Agent/Broker Repercussions Of Third Eye Blind Case

Decision about rock band's coverage isn't music to agents' ears

If an insurance coverage battle results in a judicial determination that an insurer must defend a contested claim, and the claim is thereafter settled by the insurer, is the agent or broker who placed the coverage off the hook from an E&O perspective?

Does the fact that the policy procured for the insured ultimately responded to the claim provide absolution to the agent or broker from claims of negligence in procuring the coverage?

In such an instance, can the agent or broker proclaim, "No harm, no foul," and have any E&O claims against him occasioned by the insurer's disclaimer dismissed?"

Not necessarily, according to a ruling earlier this year from a California appellate court, which may end up redefining the limits of the "proximate causation" defense in agent/broker professional liability cases alleging the insured was given negligent advice.

Insurance agent and broker errors and omissions cases typically arise from a common scenario: there is a claim that the insurer is refusing to indemnify or defend.

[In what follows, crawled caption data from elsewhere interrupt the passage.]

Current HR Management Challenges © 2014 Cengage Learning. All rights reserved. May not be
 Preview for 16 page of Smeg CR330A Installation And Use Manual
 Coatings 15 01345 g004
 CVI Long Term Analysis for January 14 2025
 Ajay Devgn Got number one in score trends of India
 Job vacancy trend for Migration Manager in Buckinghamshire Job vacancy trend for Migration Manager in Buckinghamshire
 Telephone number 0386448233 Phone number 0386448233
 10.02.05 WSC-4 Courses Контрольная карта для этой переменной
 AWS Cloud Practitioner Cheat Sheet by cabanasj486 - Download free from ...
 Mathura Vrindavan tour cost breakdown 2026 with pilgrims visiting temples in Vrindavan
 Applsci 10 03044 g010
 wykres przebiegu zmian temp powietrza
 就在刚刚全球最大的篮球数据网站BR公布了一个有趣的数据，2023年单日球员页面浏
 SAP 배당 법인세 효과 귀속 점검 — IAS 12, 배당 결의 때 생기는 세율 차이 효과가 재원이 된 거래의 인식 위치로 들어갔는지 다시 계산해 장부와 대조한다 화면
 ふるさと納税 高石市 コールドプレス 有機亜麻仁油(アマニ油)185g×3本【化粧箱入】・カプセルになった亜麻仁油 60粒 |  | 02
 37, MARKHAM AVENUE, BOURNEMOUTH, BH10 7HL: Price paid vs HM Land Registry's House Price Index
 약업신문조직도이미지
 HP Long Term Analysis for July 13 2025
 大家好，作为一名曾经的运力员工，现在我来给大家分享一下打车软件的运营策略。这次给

Facing an uninsured loss, or presented with the prospect of incurring the costs and expenses of defending against a claim the insured believes should have been covered, the insured brings suit against his agent or broker, contending that but for the agent's/broker's negligence in procuring coverage, the insured would have the benefit of coverage for the occurrence.

Agents and brokers have a variety of defenses available to them in defending against claims that they were negligent in their efforts to procure coverage. (See "Coverage Defenses.")

In the context of disputes regarding coverage for liability claims, the agent/broker can argue that where the insurer's disclaimer and refusal to provide a defense is ultimately found to have been improper, the agent/broker should thereby be deemed to be exonerated of any claim of negligence or wrongdoing.

In such case, the argument made is that "your claim was for negligence in failing to procure coverage, and the costs incurred in defending, settling or indemnifying a claim as a result. Because the policy has been held to respond to the claim, you necessarily cannot prove either my negligence in procuring the coverage for you, or damages incurred as a result."

In legal terms, this is referred to as a proximate causation defense.

In simpler terms, the underpinning of the defense is the concept that "while it is possible that I could have done my job better, my arguably poor performance was not the cause of your injury--your costs and expenses in having to litigate a coverage issue. Instead, the 'proximate cause' of your injury is the insurer's failure to provide the promised coverage."

In the recent decision in Third Eye Blind Inc. v. Near North Entertainment Ins. Services, LLC, the limits of this defense rationale were tested. The result, unfortunately for agents and brokers, was a decision evidencing that just because the insured may ultimately end up with coverage for a claim from its insurer, this doesn't necessarily mean the agent/broker can't be sued for negligence or breach of contract in connection with its procurement of coverage for the insured.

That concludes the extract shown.